[PROBLEM STATEMENT]:
Starting at the line containing "2 - Lucie 4.10" and ending at the line containing "Polera Hombre Fun Asiática Azul Corona", transcribe the listing below exactly. Keep both end lines, skip the pictures, and copy nothing else.

[INPUT DATA]:
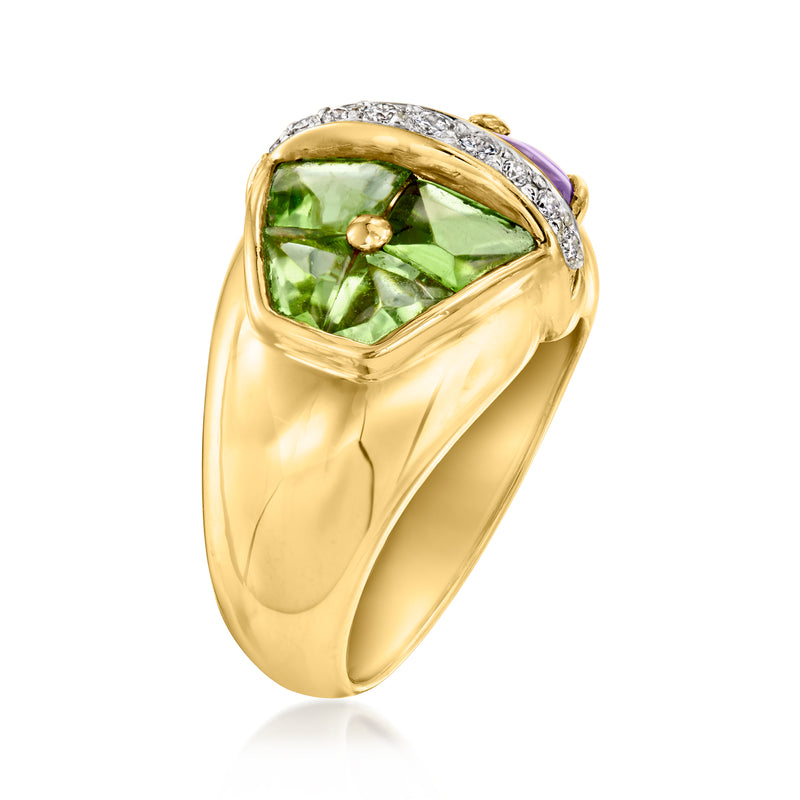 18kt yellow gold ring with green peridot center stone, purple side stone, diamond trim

--

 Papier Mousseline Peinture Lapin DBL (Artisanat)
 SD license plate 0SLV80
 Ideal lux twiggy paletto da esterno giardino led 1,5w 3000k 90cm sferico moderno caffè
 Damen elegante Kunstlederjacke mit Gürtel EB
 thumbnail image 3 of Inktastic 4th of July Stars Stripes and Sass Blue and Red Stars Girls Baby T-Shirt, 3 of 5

---

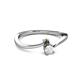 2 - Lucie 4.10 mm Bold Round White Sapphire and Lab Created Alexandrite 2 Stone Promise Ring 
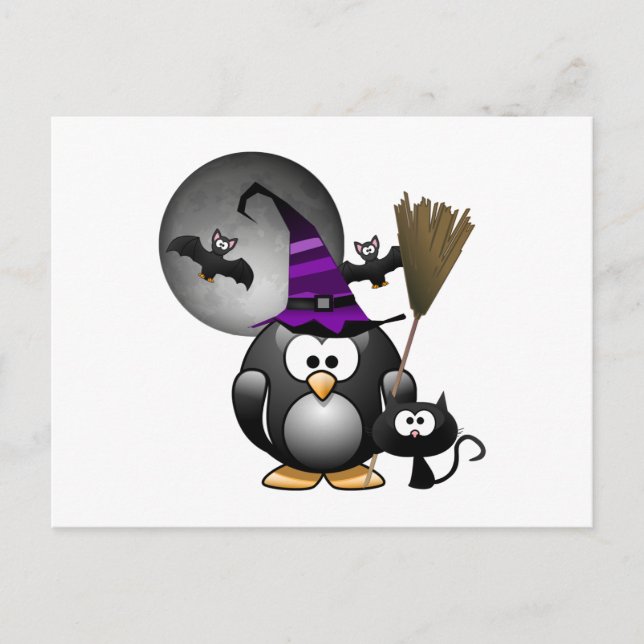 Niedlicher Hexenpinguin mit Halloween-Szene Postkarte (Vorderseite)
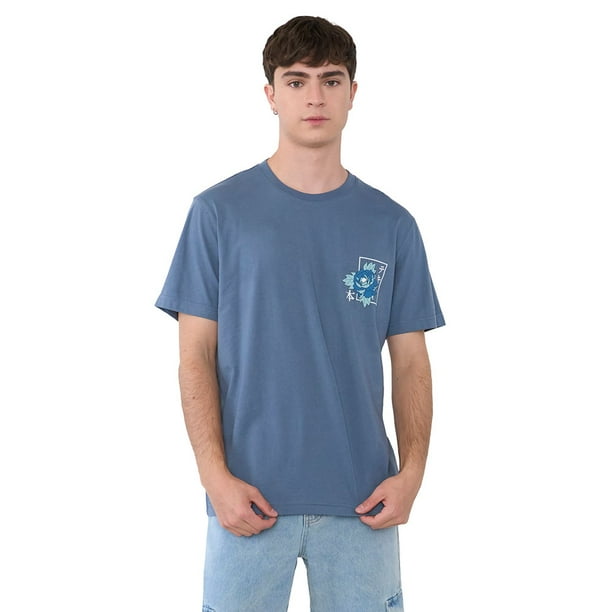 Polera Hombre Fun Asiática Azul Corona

[TASK RESULT]:
 2 - Lucie 4.10 mm Bold Round White Sapphire and Lab Created Alexandrite 2 Stone Promise Ring 
 Niedlicher Hexenpinguin mit Halloween-Szene Postkarte (Vorderseite)
 Polera Hombre Fun Asiática Azul Corona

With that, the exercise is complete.